**What needs to be done**: Each entry should be duplicated verbatim; its pictures should not be.

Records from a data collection

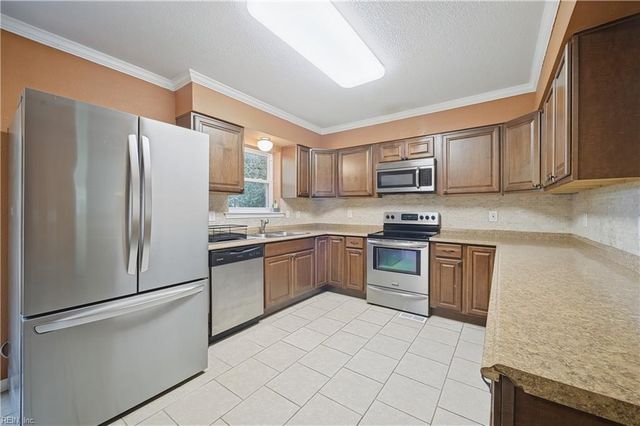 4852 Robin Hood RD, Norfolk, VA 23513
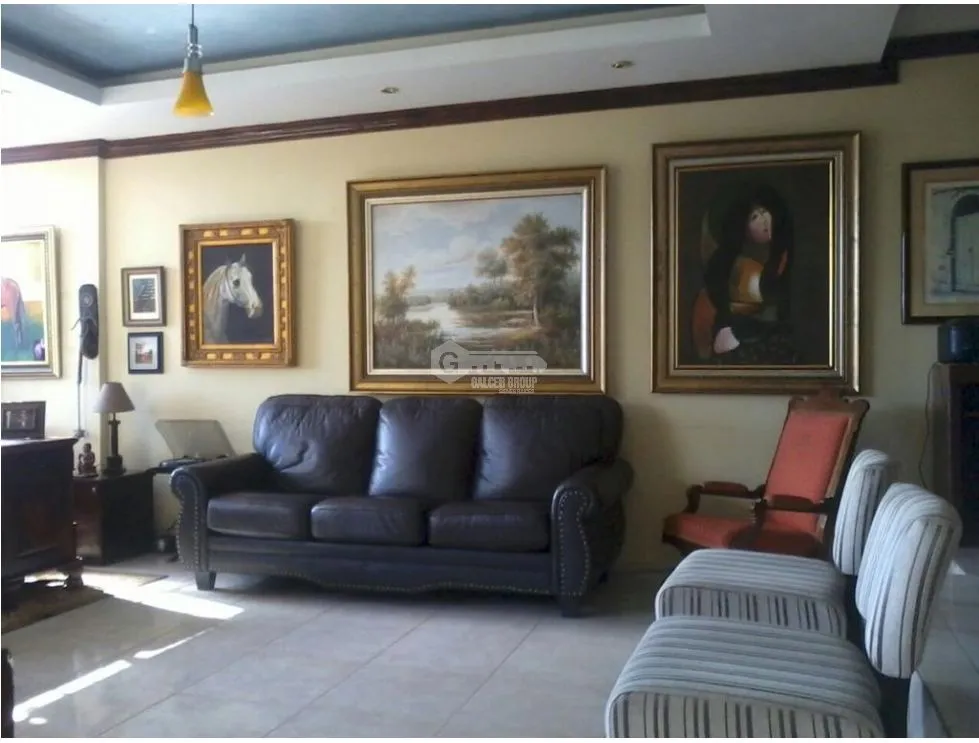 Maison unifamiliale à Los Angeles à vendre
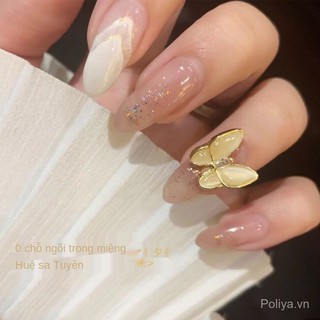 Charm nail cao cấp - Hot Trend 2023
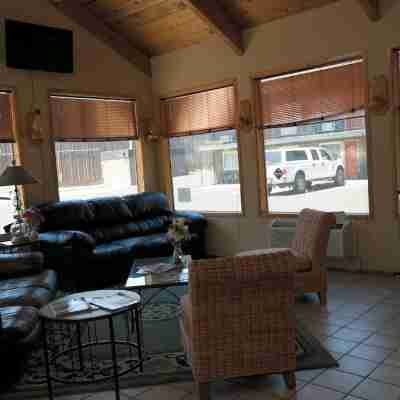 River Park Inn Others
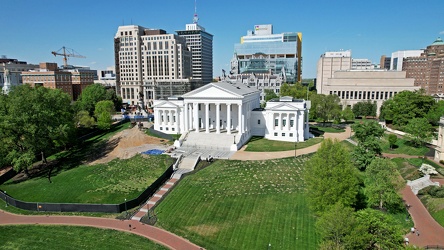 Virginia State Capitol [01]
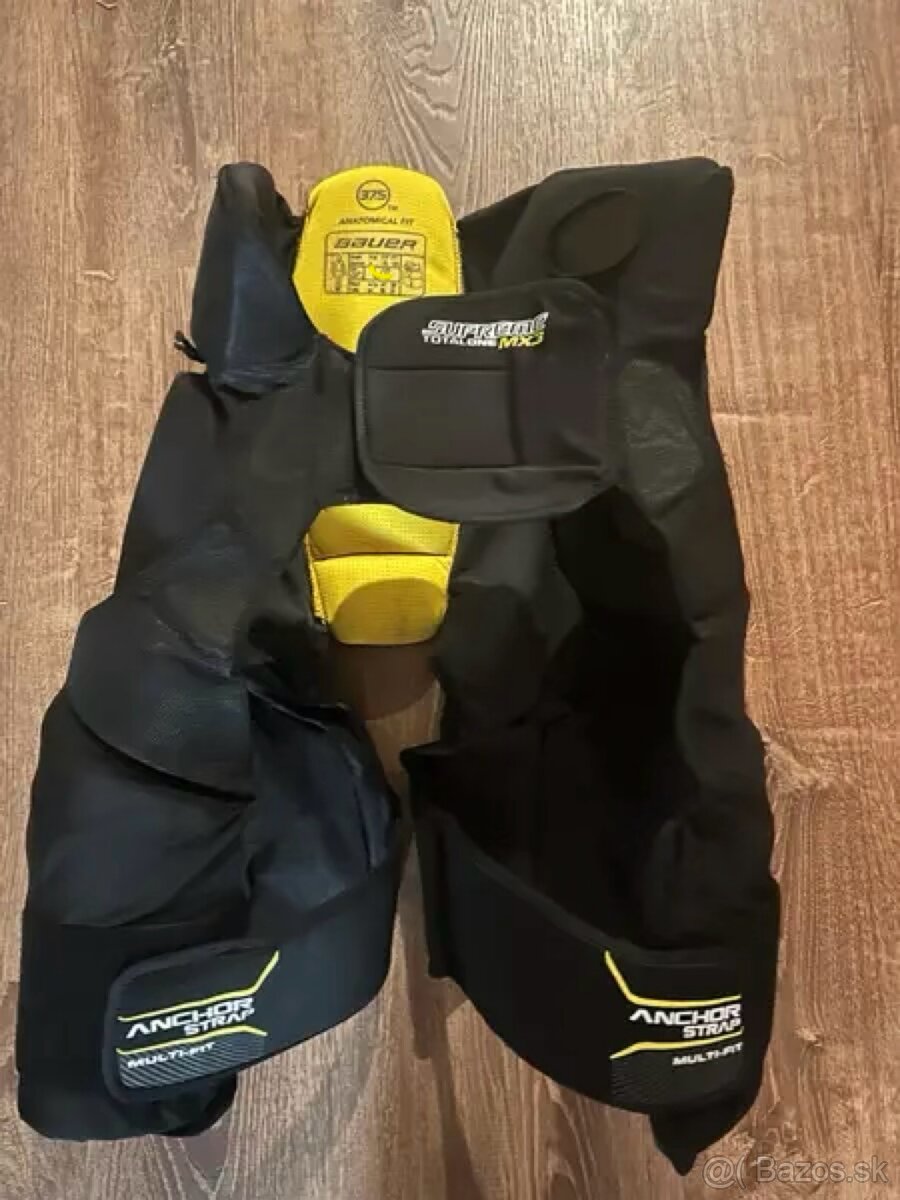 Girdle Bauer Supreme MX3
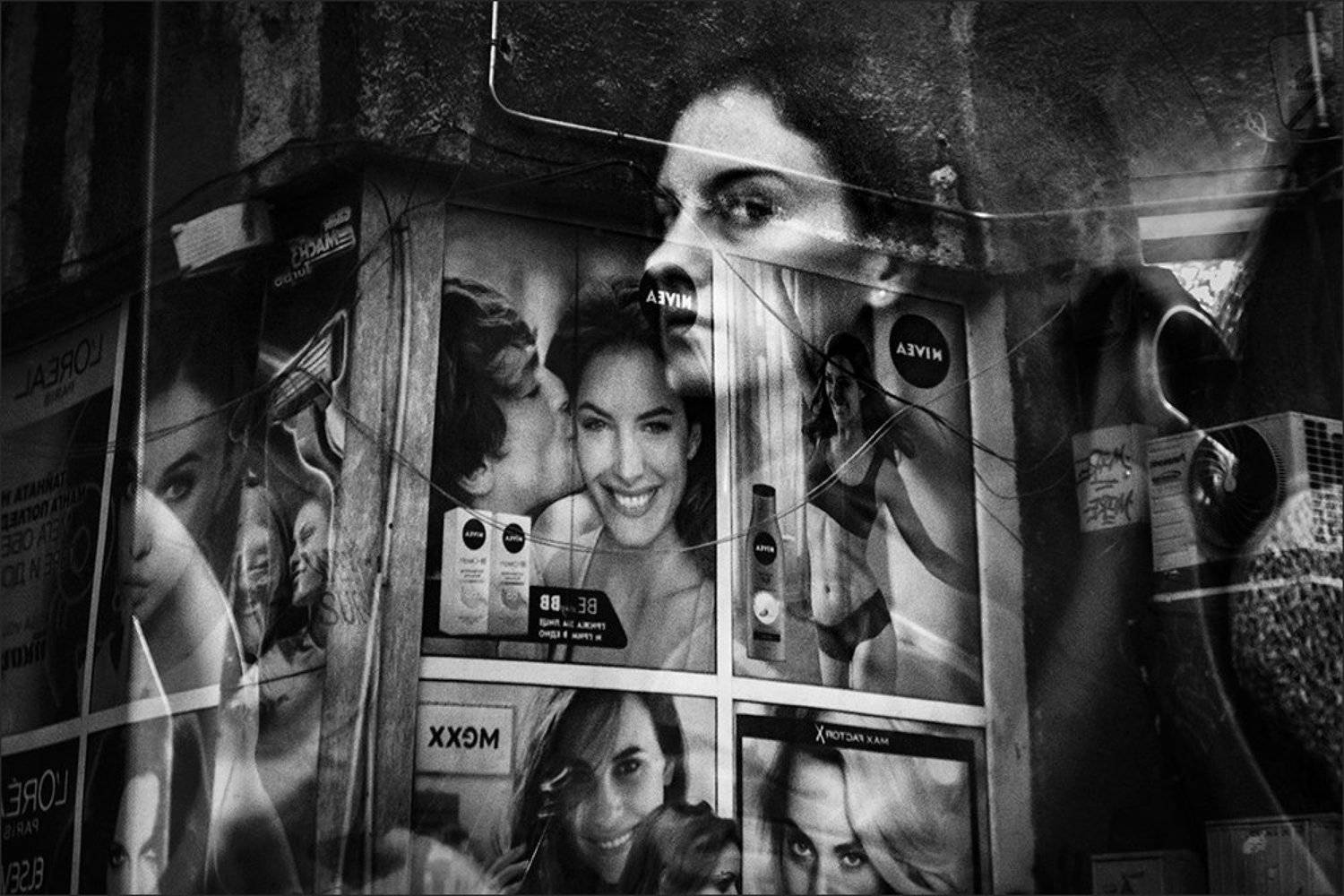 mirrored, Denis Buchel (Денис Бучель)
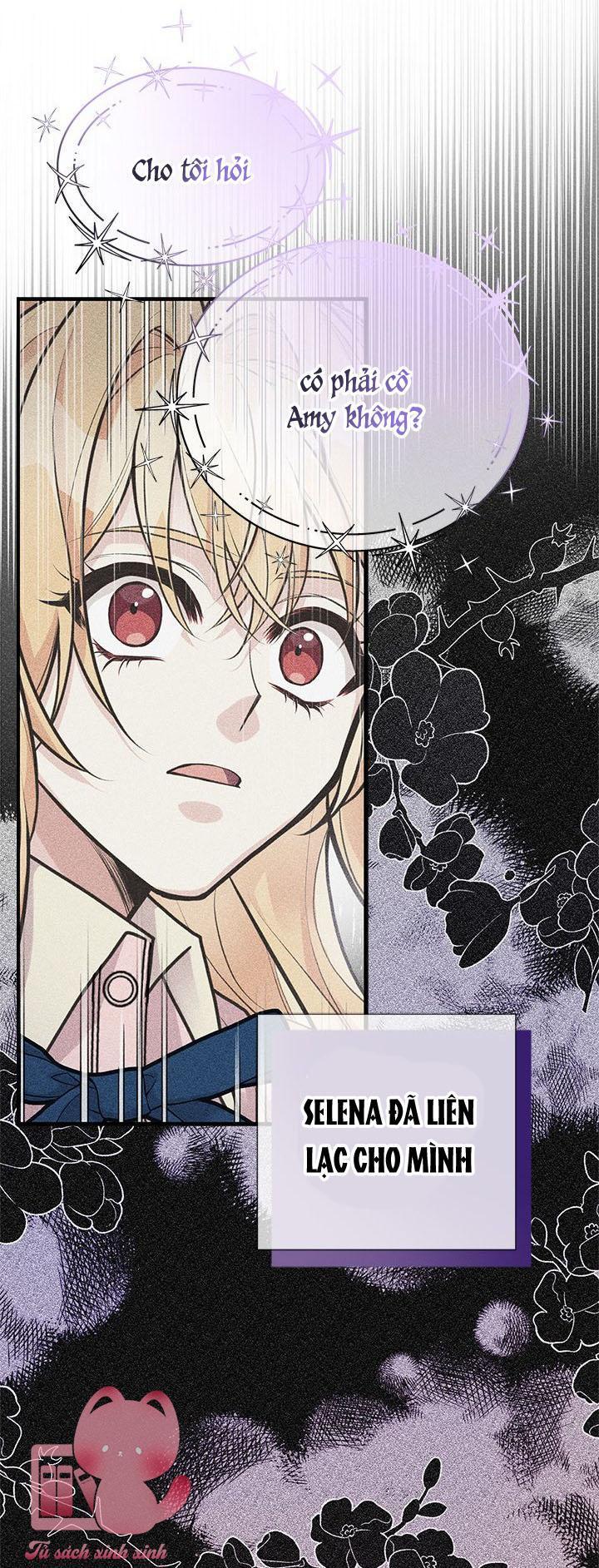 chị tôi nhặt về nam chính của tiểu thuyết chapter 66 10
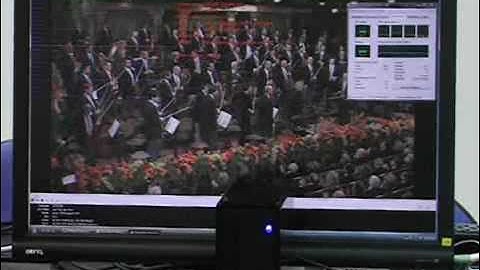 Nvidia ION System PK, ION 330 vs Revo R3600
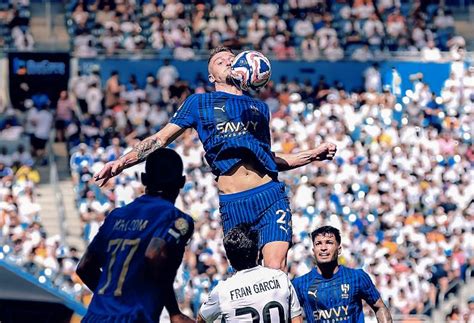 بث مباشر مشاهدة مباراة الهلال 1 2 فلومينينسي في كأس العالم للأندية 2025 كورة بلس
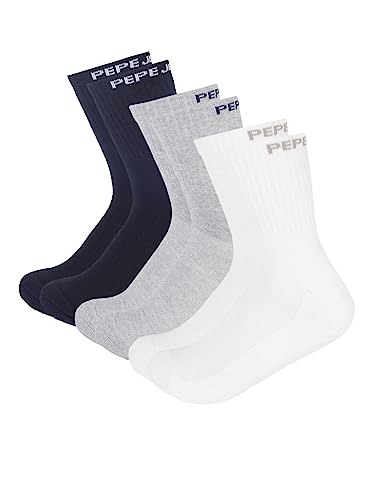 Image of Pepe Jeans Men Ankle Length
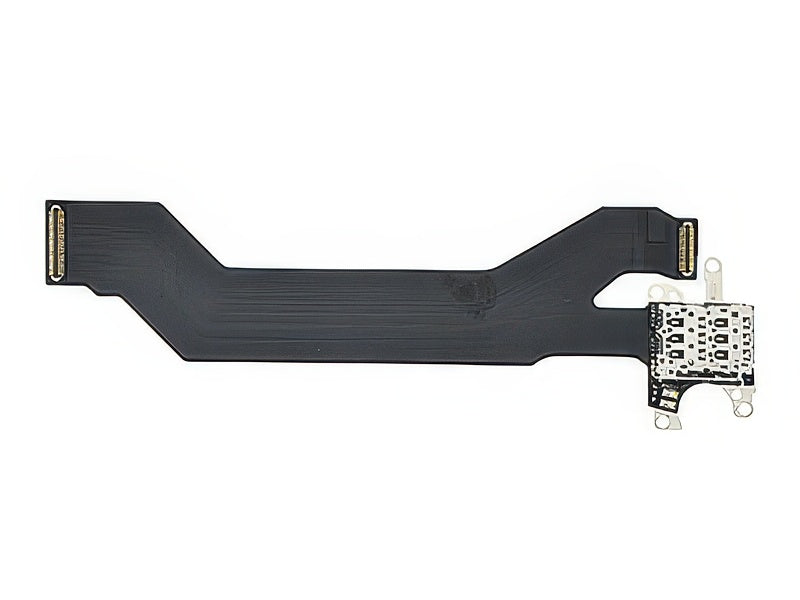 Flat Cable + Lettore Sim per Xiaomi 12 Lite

**Task output**:
 4852 Robin Hood RD, Norfolk, VA 23513
 Maison unifamiliale à Los Angeles à vendre
 Charm nail cao cấp - Hot Trend 2023
 River Park Inn Others
 Virginia State Capitol [01]
 Girdle Bauer Supreme MX3
 mirrored, Denis Buchel (Денис Бучель)
 chị tôi nhặt về nam chính của tiểu thuyết chapter 66 10
 Nvidia ION System PK, ION 330 vs Revo R3600
 بث مباشر مشاهدة مباراة الهلال 1 2 فلومينينسي في كأس العالم للأندية 2025 كورة بلس
 Image of Pepe Jeans Men Ankle Length
 Flat Cable + Lettore Sim per Xiaomi 12 Lite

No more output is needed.